Over the following months, the two leaders regularly exchanged messages over WhatsApp, sharing private jokes and infuriating officials who wanted all communication done through proper channels.
“On a personal, individual level, they get on fine,” says Adam Plowright, author of the Macron biography The French Exception. “There are lots of things they have in common; they both see themselves as intellectuals, they love history and literature. There is a connection on that level.
“I think they also respect each other for what they have achieved – Johnson recognises Macron’s political talent in founding his own movement [En Marche!] and getting elected, while Macron respects Johnson’s ability to connect with people and as a serial winner.”

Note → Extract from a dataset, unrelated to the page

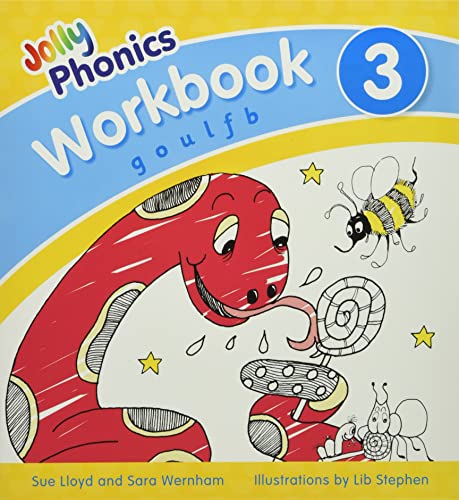 9781844146536 Jolly Phonics Workbook 3 In Precursive Letters British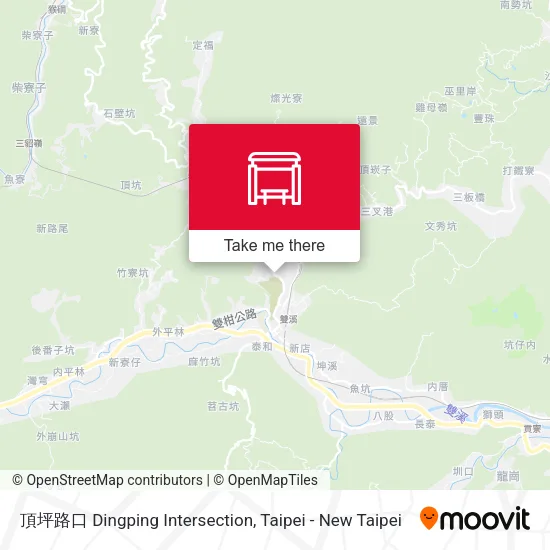 頂坪路口 Dingping Intersection map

Macron even borrowed from Johnson when he visited London during his presidential campaign in 2017, telling an audience of French expatriates that London was France’s sixth-biggest city, repeating a phrase coined by Johnson when he was the city’s mayor to describe the huge number of French citizens living in the capital.
Championing distinctly Johnsonian principles, he also praised the entrepreneurial, risk-taking attitudes that had attracted much of his audience to Britain.
Nor is Johnson a natural Francophobe. He enjoys speaking French, having lived in Brussels for part of his life, and was an admirer of the former European Commission president Jacques Delors whom he regarded as a shoulder-to-the-wheel leader who got things done. Those who have worked with the Prime Minister say he is a fan of cross-channel collaboration, such as the Channel Tunnel and Concord.
The odds against the purported Macron-Johnson “bromance” remaining intact were always long, however.